Weekend reading

This post from mainly macro combines my favourite (although getting dated) book on macroeconomics, my preferred methodological statement for economic modeling, and tackles the idea of microfoundations in macroeconomics.

One of my favourite blog posts in a while – I suggest you have a peek at it.  One thing I would note is that, for applied macro, one day we will realise that microfoundations provide many potential paths to a single macro relationship – and in order to get anything policy relevant we will need to come up with an idea of what is “plausible” in order to narrow this set.

This involves not just working with data, but having to make subjective calls – and that is the area where things get hairy fast.
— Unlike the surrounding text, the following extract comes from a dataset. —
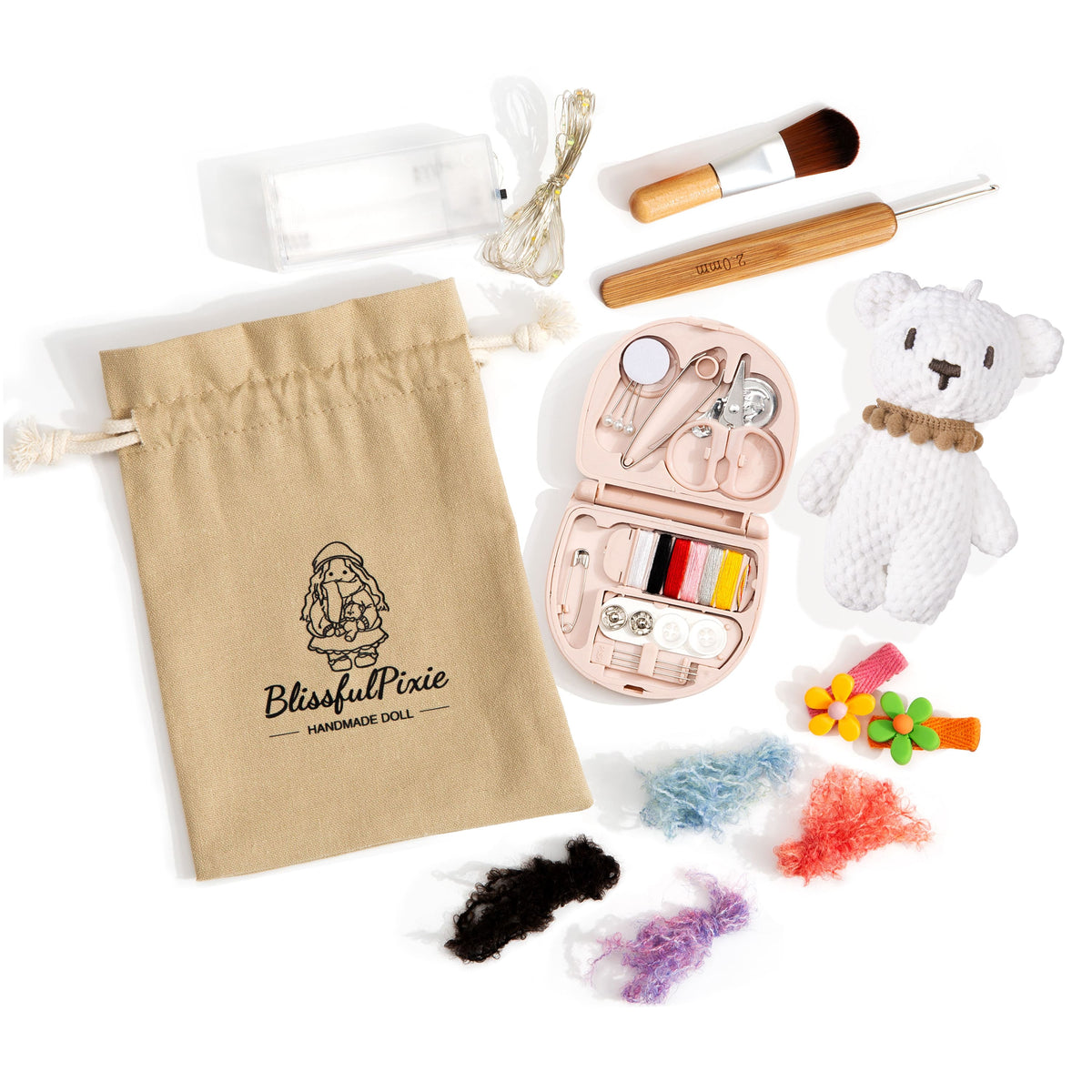 Oven - Handmade Cloth Doll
I’d also note that microfoundations are a huge part of academic economics as they are currently doing the technical work of creating micro models that provide potential explanations of macro phenomenon.  This is an essential task, even if much of the work ends up with potential explanations we view as “not plausible” in the end.

New blogger: Acemoglu

Daron Acemoglu has a new book out with James Robinson–the catchily titled Why Nations Fail–and they have a blog to support it. Add it to your reader because, seriously, Daron Acemoglu daily in your inbox: what’s not to like!?

Behavioural prejudices

Eric has a post up in which he criticises behavioural economics:

Behavioural economics usually leaves a bad taste in my mouth. Too much of it just feels like …it was done in the 50s and 60s.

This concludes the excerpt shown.